North East Connected


VISITORS to Northumberland this summer can choose to spend the night in a church, a castle, a priory or even a tower – all under the same roof.

The Northumberland Arms, at Felton; a former coaching inn on the banks of the River Coquet, is once again tempting travellers after restoring and refurbishing its six en-suite bedrooms.

And, as each is named after a prominent Northumbrian building, a stay at the venue is a history tour in its own right.

Northumberland is one of the UK’s most popular holiday destinations thanks to a 30 mile-long coastline, uncrowded beaches and a packed programme of summer holiday events and music festivals.

Visitors from home and abroad are also drawn to world famous landmarks – such as Alnwick Castle, home to the Dukes of Northumberland and immortalised in the Harry Potter films.
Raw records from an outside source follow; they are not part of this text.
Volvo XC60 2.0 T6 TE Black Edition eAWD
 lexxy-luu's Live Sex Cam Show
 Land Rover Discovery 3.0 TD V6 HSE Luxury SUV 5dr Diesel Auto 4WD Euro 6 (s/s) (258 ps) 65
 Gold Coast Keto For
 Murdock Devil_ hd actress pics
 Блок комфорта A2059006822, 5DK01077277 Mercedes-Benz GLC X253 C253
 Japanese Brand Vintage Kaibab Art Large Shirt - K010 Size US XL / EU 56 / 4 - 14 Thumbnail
But there are many more historic buildings, monuments and ruins besides, some of which have given their names to the Northumberland Arms bedrooms.

Brainshaugh Priory – overlooking the river and sumptuously decorated in creams and greens – takes its name from the ruined 11th century priory just a little further down the river which, once home to a nunnery, is believed to have been abandoned when the Black Death struck the county.

St Michaels Church – a quiet room on the west side of the building overlooking historic woodland – is named after the neighbouring 13th century church of St Michael and All Angels.

While Bockenfield Market, an opulent, romantic room with a large walk-in shower – references just that; a market held in a nearby a Northumbrian tradition which dates back centuries.

And, to the rear of the building with views to the woodland and overlooking the roof terrace, is New Moor Tower – decorated in grey and caramel with a beamed, vaulted ceiling, chaise longues and a free-standing bath tub.

It takes its name from the ruins of a medieval tower house of the late 14th or 15th century, situated in a valley bottom beside the Swarland Burn.

Thirston House is named after one of Felton’s most opulent mansions, which, built in 1820 to the design of famous North East architect John Dobson, is still one of the county’s finest private homes and Eshot Castle is a typical example of a moated, fortified Northumbrian strongholding.

Thirston has a fly fishing theme and features a large bathroom with a free-standing oval Victoria & Albert™ bathtub while Eshot is the largest of the venue’s bedrooms.

All rooms offer flat screen TVs with Freeview, a range of tea and coffee from local merchants Ringtons, super king size bed, towelling robes, spring water and toiletries from the prestigious White Company range.

The Northumberland Arms, under its present owners the Northumberland Pub Co, has earned an unrivalled reputation for its food menus which, allied with its superb overnight accommodation, make it a superb choice for anyone visiting the county.

Rooms at The Northumberland Arms cost from £155 per night, including breakfast,  with a surcharge of £15 per dog – maximum two dogs – per night for those booking of Eshot and Thirston.